Sousa nieoczekiwanie przyznał się do błędu. Nieoczekiwanie, bo początkowo twierdził, że słusznie postąpił. W rozmowie z TVP jednak wycofał się ze swoich słów.
- Podjąłem taką decyzję, ponieważ uważałem, że jest najlepsza i miałem za tym argumenty. Ale zdaję sobie sprawę, że to nie była najlepsza decyzja. Zachowałbym się inaczej. Mogłem lepiej zarządzać minutami gry Roberta. Mogłem dużo lepiej zarządzać drużyną w meczu z Andorą, ale nie możemy mówić tylko o Lewandowskim. To najlepszy zawodnik na świecie, jednak próbowaliśmy czegoś innego. Myliłem się, zdaję sobie sprawę, zrobiłbym to kompletnie inaczej. Gdybym mógł cofnąć czas, zdjąłbym Roberta w Andorze i wystawiłbym w wyjściowym składzie na Węgry - przyznał Sousa.

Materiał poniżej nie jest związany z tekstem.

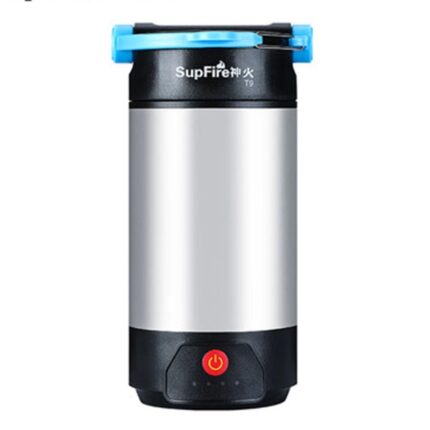 Lanterna LED SupFire T9 pentru camping, 8W, 800 lm, acumulator 9200 mAh, incarcare USB, functie PowerBank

Część dziennikarzy zarzucała Sousie, że jeśli Lewandowski miał już grać tylko w jednym meczu listopadowych eliminacji, to powinien wystąpić przeciwko Węgrom, a nie Andorze.
- Niedorzeczne jest to, że dziennikarze mówili: "dlaczego grał z Andorą?", "dlaczego złapał kontuzję?". Nie chcę wypierać się moich decyzji, zdaje sobie sprawę, że mogłem zadecydować lepiej. Mogłem postąpić inaczej i efekt końcowy byłby inny. Rozumiem analizę gry oraz jej krytykę. Wy dziennikarze możecie manipulować opinią publiczną, ponieważ opinia publiczna tworzy się z tego, o czym mówisz i najwięcej piszesz - ocenił Sousa.
Losowanie par barażowych odbędzie się w piątek 26 listopada o godzinie 17:00. Półfinały zostaną rozegrane 24 i 25 marca 2022 roku, a finały - 28 i 29 marca. Polska w półfinale zagra z z Portugalią, Szkocją, Włochami, Rosją, Szwecją lub Walią.